Back in September 2010, our family needed to find a place to live in eastern Chad. We had just arrived back in Chad and were living in the capital city of N’Djaména, 14+ hours west of Abéché. A friend in the capital promised that we could rent his home in Abéché.
To start moving in, all I needed to do was to pick up the key from the Sultan, his brother.
While you’re waiting, make some friends
After making the long trip east, I arrived early at the Maba Sultan’s residence. Because of he had just returned from his pilgrimage to Mecca, he was only resting up and receiving visitors to greet them. We called the assistant to our friend who had a home available for us. He told us that he was in a meeting. The school year was about to begin, so he was getting his teachers ready for their classes, and was very busy. So it was agreed with the Maba Sultan that we would get back in contact once we heard who was holding the key to our friend’s house here.
While I waited, I went to the market and bought a plastic mat for our travels with the help of some friends. Before going to buy it, however, we sat around and talked, then ate a flavorful, huge watermelon together. Then I went home to pack and rest and make phone calls periodically to the assistant.

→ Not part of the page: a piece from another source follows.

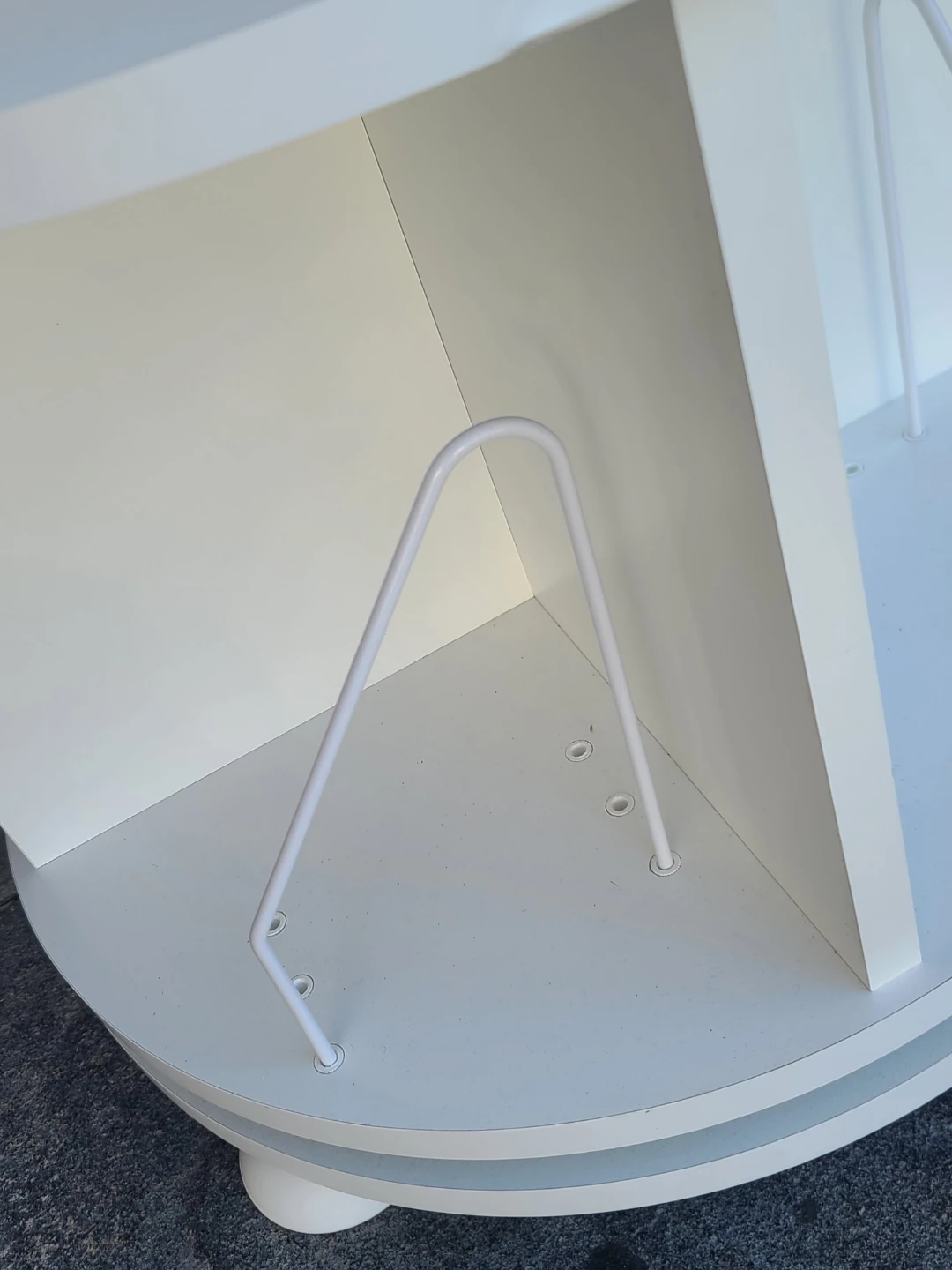 White Rotating 3-Tier Bookshelf Media Tower - photo 3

Around noontime, I went to use the internet at an office and waited for the call from my friend about who holds the key. I was still calling his number periodically to get in touch with him. When I didn’t hear from him by 3 PM, I decided to go over to the Sultan’s House again.
Keep on asking, asking, asking
As I got into the car, a storm started brewing, the type of storm that starts with a violent, dusty wind. I called my friend, and he answered! He told me the name of the person who had the key and gave me his phone number.
I went over to the Sultan’s residence to get help to find him. However, he was resting, so I wasn’t going to be able to see him until he stirred himself. So I waited there, sitting in the clean sand under the shade next to the entrance . I periodically called the number of the man with the key, if perhaps he might pick up, and tell me where his house was so I could go directly. However, he had shut off his cell phone.
The sun set, and I was still there. The men prayed the Maghrib prayers, and I was still there. After they prayed, it was 7 PM. I sat on their prayer mat, which accommodates 30+ people. I waited a little longer… and the Sultan showed up. He spoke to his representative, telling him to go with me to the house of the man with the key, to see if we could get it. We went there together.
Keep your expectations low
On the way there, the Sultan’s representative explained that he could not do anything until he received orders from his leader. That is why things suddenly started moving quickly once his order was given, and not before.
I felt excited. I stood in front of the home offered to our family for a few months! The one who held the key had traveled north, and they were waiting to contact him by phone.
Then, around 11 PM, they broke the news to us: the home had been rented a month ago to some Catholic sisters! We returned to the Sultan’s residence, who called my friend. Both seemed surprised to hear this news, and the audacity of the one who held the key to rent out someone else’s home. But in Chad, you learn not to leave someone looking like a monster. So I told the Sultan’s representative, it was far better to know the reality of the situation than to keep on believing it is something it is not.
At least, I was ready to return to N’Djamena the next day and to be with my family again. In a way, this trip had been in vain… but at least we knew the truth.
It is better to trust in the LORD…
Psalm 118:8 tells us that it is better to trust in the LORD than to put confidence in man. In the story above, my friend in N’Djaména, his representative and the Sultan, had all let us down. But God did not. With time, He provided a beautiful place for us to call home.
Just like in the story, we may have to wait a long time for our Sultan, the LORD Jesus Christ, to intervene. But unlike with “sultans” here on earth, we do not wait in vain!